'''

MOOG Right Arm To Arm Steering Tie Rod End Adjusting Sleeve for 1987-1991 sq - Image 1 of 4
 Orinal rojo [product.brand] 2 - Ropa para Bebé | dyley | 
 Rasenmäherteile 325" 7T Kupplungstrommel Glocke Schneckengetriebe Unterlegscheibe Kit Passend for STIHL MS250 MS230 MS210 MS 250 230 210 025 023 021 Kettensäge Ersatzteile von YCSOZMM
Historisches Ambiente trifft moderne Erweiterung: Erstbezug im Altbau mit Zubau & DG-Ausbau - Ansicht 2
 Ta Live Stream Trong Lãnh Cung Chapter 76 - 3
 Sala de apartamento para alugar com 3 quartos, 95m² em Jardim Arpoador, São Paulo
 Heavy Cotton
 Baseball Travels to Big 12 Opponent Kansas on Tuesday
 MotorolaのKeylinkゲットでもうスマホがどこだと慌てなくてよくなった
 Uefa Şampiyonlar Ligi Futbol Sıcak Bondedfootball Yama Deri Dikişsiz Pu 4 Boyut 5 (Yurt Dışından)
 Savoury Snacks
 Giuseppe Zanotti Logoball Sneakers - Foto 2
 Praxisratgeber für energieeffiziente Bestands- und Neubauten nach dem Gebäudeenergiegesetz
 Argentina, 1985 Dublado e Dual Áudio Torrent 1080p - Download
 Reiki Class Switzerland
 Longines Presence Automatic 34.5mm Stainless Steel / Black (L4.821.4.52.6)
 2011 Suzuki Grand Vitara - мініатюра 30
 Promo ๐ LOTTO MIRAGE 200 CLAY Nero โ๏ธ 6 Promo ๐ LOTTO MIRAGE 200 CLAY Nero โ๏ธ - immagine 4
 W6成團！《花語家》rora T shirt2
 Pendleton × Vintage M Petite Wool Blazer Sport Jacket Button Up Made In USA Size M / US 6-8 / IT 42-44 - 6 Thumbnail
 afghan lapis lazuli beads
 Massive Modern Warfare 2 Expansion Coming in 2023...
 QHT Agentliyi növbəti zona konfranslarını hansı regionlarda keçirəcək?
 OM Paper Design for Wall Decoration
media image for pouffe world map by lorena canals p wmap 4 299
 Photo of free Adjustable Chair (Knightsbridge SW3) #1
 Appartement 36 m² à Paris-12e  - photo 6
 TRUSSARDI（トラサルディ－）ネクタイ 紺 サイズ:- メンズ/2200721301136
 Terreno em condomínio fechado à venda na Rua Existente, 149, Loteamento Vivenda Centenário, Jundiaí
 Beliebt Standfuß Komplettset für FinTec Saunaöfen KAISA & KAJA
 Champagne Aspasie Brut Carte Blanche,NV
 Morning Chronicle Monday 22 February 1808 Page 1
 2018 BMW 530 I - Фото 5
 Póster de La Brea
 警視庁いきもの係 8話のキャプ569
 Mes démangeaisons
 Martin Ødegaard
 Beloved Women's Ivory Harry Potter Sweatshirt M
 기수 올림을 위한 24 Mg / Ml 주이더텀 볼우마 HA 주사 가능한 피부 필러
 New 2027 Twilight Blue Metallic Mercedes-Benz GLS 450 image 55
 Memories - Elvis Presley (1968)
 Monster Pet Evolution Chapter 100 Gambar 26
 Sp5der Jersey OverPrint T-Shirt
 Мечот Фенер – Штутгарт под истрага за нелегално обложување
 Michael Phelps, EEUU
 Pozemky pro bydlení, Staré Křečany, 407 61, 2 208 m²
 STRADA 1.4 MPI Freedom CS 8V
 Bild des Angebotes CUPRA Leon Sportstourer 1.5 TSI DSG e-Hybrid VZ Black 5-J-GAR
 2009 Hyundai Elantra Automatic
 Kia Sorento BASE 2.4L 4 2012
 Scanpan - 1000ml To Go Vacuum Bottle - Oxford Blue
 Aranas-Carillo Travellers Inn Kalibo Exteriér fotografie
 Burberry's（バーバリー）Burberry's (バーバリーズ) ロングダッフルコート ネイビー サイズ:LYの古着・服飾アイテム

'''

What you should do |
Within the listing above, give again exactly every line from the line with "Argentina, 1985 Dublado" through the line with "Photo of free", both included, and no other line.

Solution to the problem |
 Argentina, 1985 Dublado e Dual Áudio Torrent 1080p - Download
 Reiki Class Switzerland
 Longines Presence Automatic 34.5mm Stainless Steel / Black (L4.821.4.52.6)
 2011 Suzuki Grand Vitara - мініатюра 30
 Promo ๐ LOTTO MIRAGE 200 CLAY Nero โ๏ธ 6 Promo ๐ LOTTO MIRAGE 200 CLAY Nero โ๏ธ - immagine 4
 W6成團！《花語家》rora T shirt2
 Pendleton × Vintage M Petite Wool Blazer Sport Jacket Button Up Made In USA Size M / US 6-8 / IT 42-44 - 6 Thumbnail
 afghan lapis lazuli beads
 Massive Modern Warfare 2 Expansion Coming in 2023...
 QHT Agentliyi növbəti zona konfranslarını hansı regionlarda keçirəcək?
 OM Paper Design for Wall Decoration
media image for pouffe world map by lorena canals p wmap 4 299
 Photo of free Adjustable Chair (Knightsbridge SW3) #1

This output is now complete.